I have a general question—my points tend to be more general—about areas that are strengthening in commercial adaptation in modern economics and technology. Areas of arbitration that were not significant in the past could become areas of major importance. I am thinking of the Common Market legislation that last year opened up the European railway system to allow trains to run internationally. The legislation enables German trains to run in France and through the Channel tunnel to Britain, over a wide variety of systems of track ownership. In Britain, one of the uncovenanted and much-criticised results of the Railways Act 1993 is that up to 300 legal personalities are running the railways at any one point. Could Scottish arbitration procedure establish itself in such new, developing contexts in order to become of international significance?
There are a number of areas in which Scottish arbitration might be able to create a niche market for itself—the new renewables industry being one. I reiterate that it is up to those who wish to provide arbitral services to make the case to the industry concerned. They have attempted to do so in relation to the oil industry, but at present, unfortunately, most arbitration work for the North Sea goes to London. However, I understand that significant efforts are being made to change the minds of some oil companies to persuade them to arbitrate in Scotland instead. Arbitration should try to get into any new industry on the ground floor, by getting arbitration clauses included in the original contracts.
I will cite an example from another part of transport. I declare an interest, as the president of the Scottish Association for Public Transport, which represents operators, unions, local authorities and the like and encourages co-ordination between means of transport. One of the problems that we come up against is that the Transport Act 1985 specifically prohibits consultation between transport operators. That leads to the spectacle in so many Scottish bus stations of a bus from company A coming into the bus station just one minute after a bus from company B, which provides a potentially useful connection, has disappeared. There can be no consultation between the companies without infringing the terms of the 1985 act, which specifically bans collusion between companies. Could arbitration in that area be used to replace a particular legal inhibition with common sense? If so, could the outcome be incorporated into common law, as case law, and used to build up an incremental form of agreement in the industry?

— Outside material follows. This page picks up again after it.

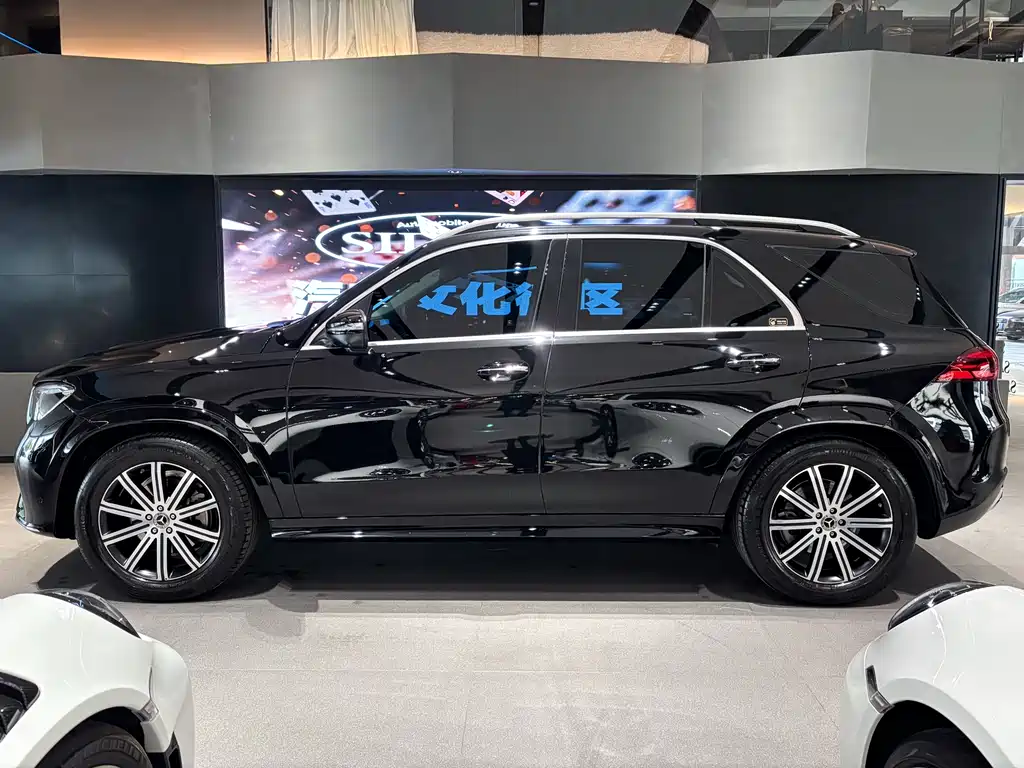 Mercedes-Benz GLE 2024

Arbitration will assist only if an agreement to go to arbitration is included in the original contract.
That might be a matter for transport legislation in the first instance. As I mentioned, we are taking the powers to amend existing arbitration procedures in transport legislation. We could modify a particular statutory arbitration procedure to make it sit with the principles and provisions of the bill, but to bring in arbitration in the first place would be a step beyond that. I suppose that that is an issue for transport legislation in the first instance.
I have a final point. The origins of international arbitration lie in the realm of transport and the Alabama case of 1871. The fact that the armed cruiser Alabama, a Confederate ship, virtually wiped out the commerce of the federal merchant marine during the American civil war was put down to the fact that the Alabama had been allowed to escape from its construction site in Birkenhead, which was owned by a Scotsman, into the Atlantic. The arbitration of the Alabama case established precedents that were incorporated into international law. Could there be parallels with conflicts about national jurisdiction in transport, which might necessitate the creation of systems of international co-operation? If arbitration clauses were to be bound into the operation of Eurostar or the extension of Eurostar services to Scotland, for example, that would be an area in which a Scottish arbitration procedure could not just simplify matters, but be incorporated into international procedures of land transport and also, incidentally, bring a lot of useful business to Scotland.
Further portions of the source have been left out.